*Information shown*.

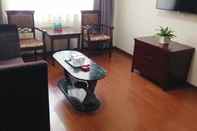 Common Space GreenTree Inn Linhai Yintai City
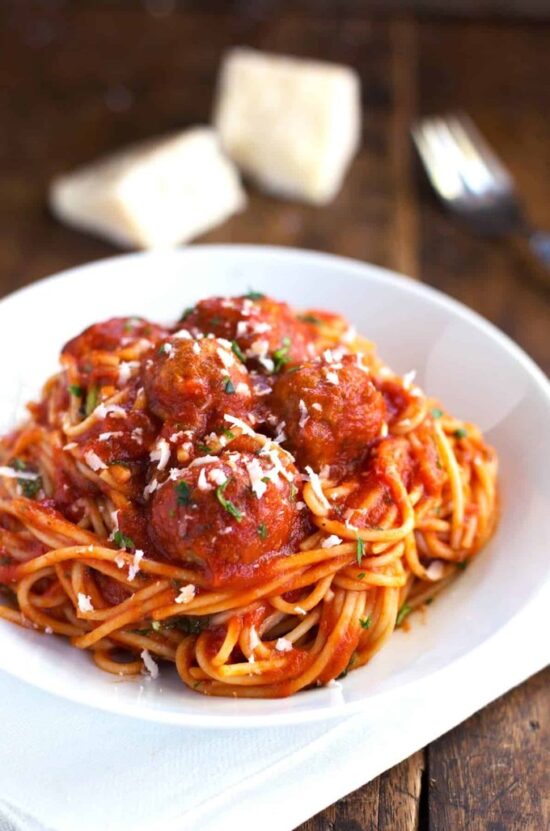 Light Pasta Recipes: Skinny Spaghetti and Meatballs from Pinch of Yum | The Health Sessions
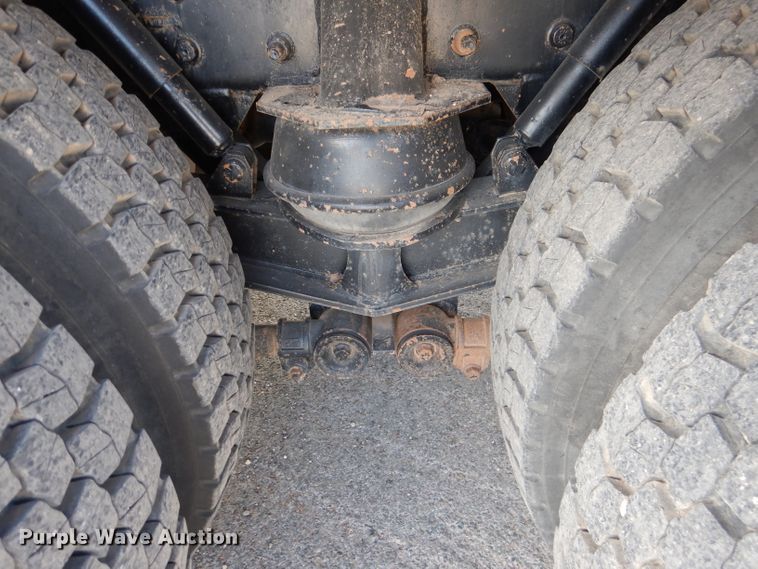 image for item DJ8885 2003 Sterling Acterra  crane truck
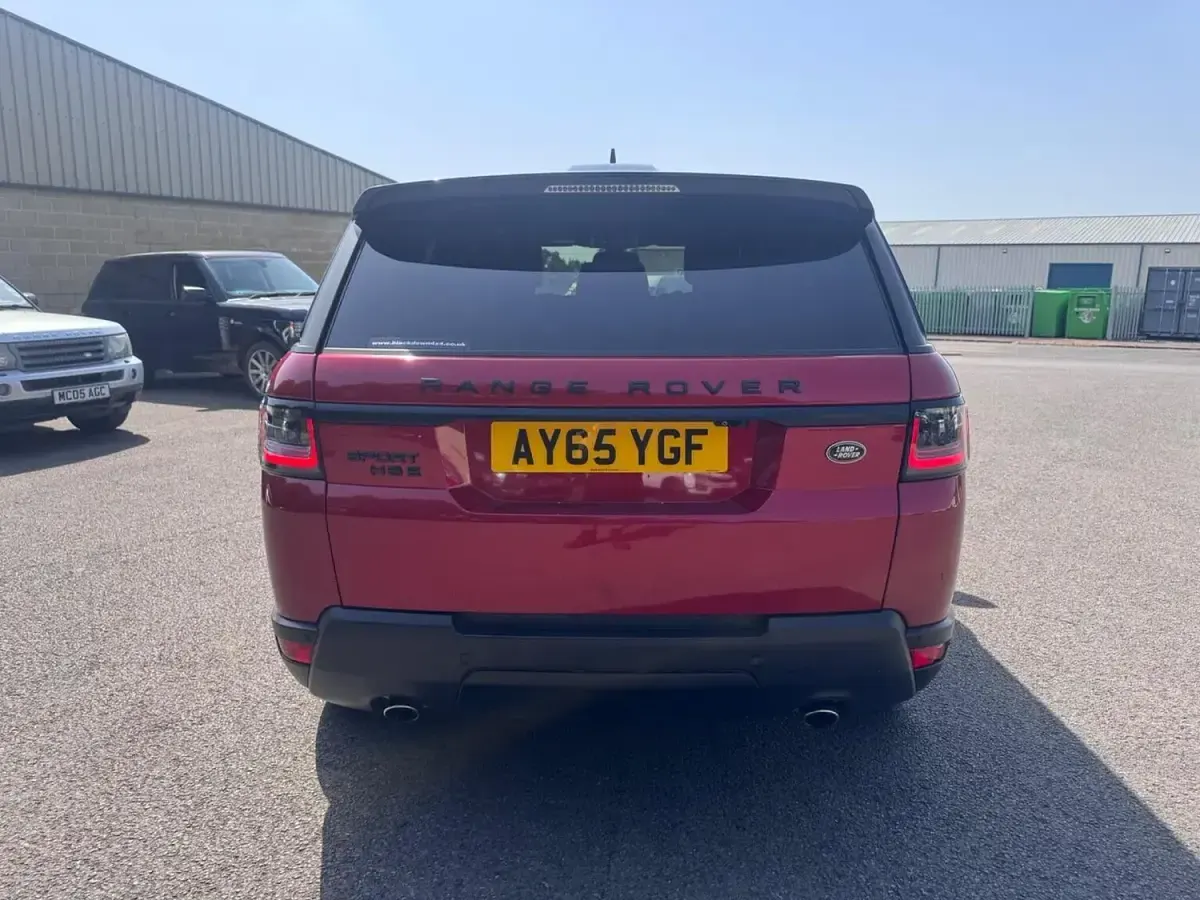 Used Land Rover Range Rover HSE Dynamic 306 HP (225 kW) 2015 Red SUV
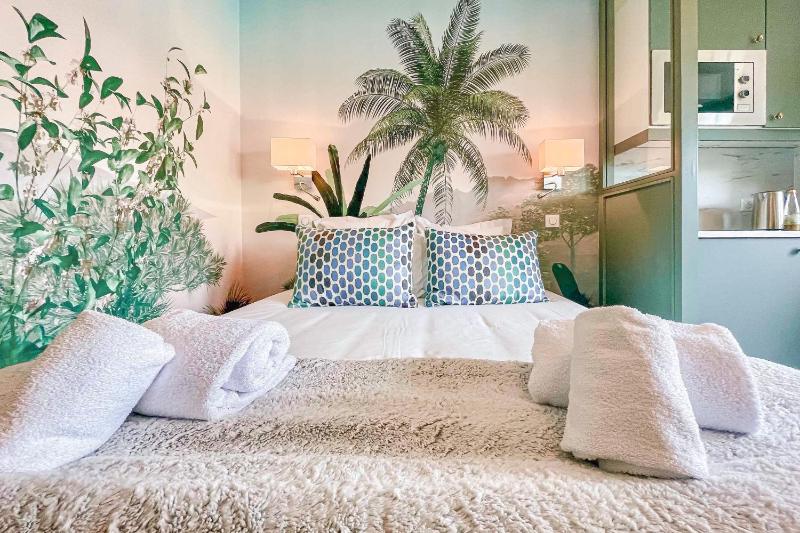 Superior Double Room image 1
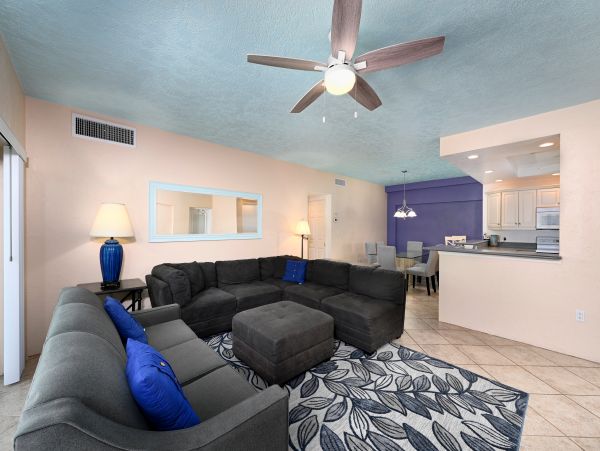 Siesta Key Beach Condo Sleeps Six Vews of Gulf & Beach
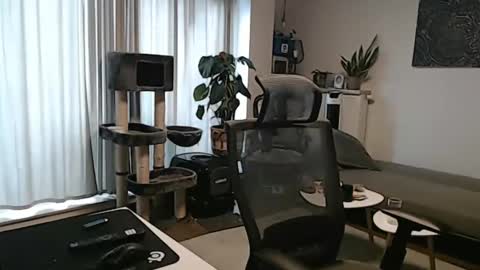 cream36 online show from January 4, 2025, 1:53 pm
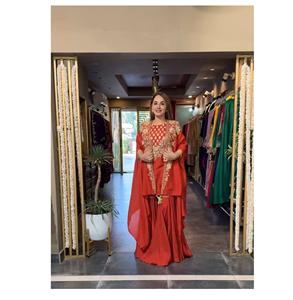 Elegante diseñador paquistaní Totalmente listo Juego de 3 piezas-Bordado Kurta Sharara tradicional Salwar Kameez para ropa de fiesta - Product Image 1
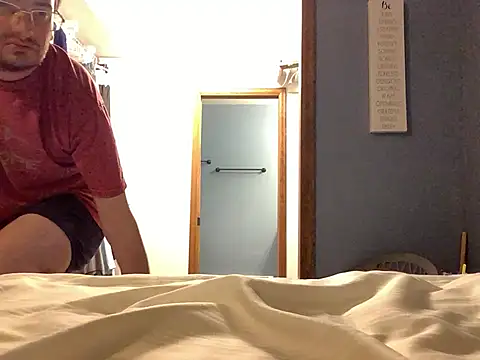 Snapshot of Hebrewhammers42 chatting on 03/10/25, 05:00 Hebrewhammers42 online show from 03/10/25, 05:00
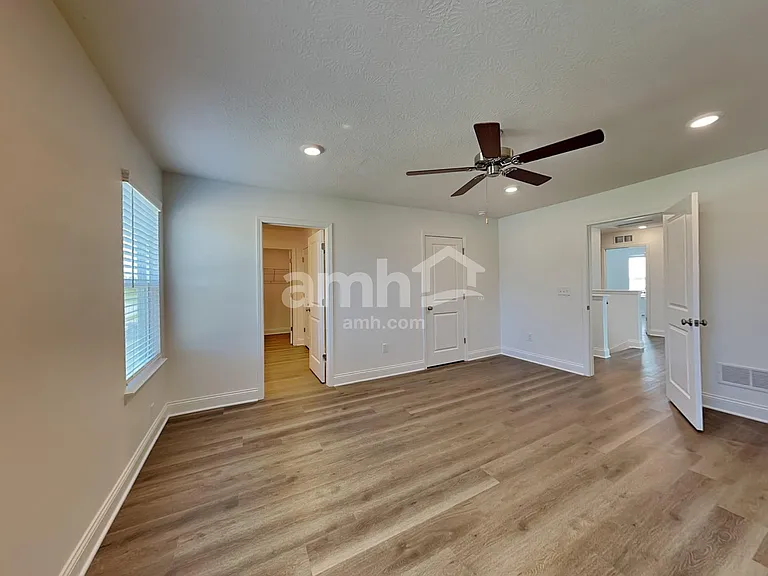 1373 Park Pl S — Photo 9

*Problem statement*.
Within the listing above, find the line containing "Elegante diseñador paquistaní", then print it and every line after it exactly, leaving out pictures.

*Your response*.
 Elegante diseñador paquistaní Totalmente listo Juego de 3 piezas-Bordado Kurta Sharara tradicional Salwar Kameez para ropa de fiesta - Product Image 1
 Snapshot of Hebrewhammers42 chatting on 03/10/25, 05:00 Hebrewhammers42 online show from 03/10/25, 05:00
 1373 Park Pl S — Photo 9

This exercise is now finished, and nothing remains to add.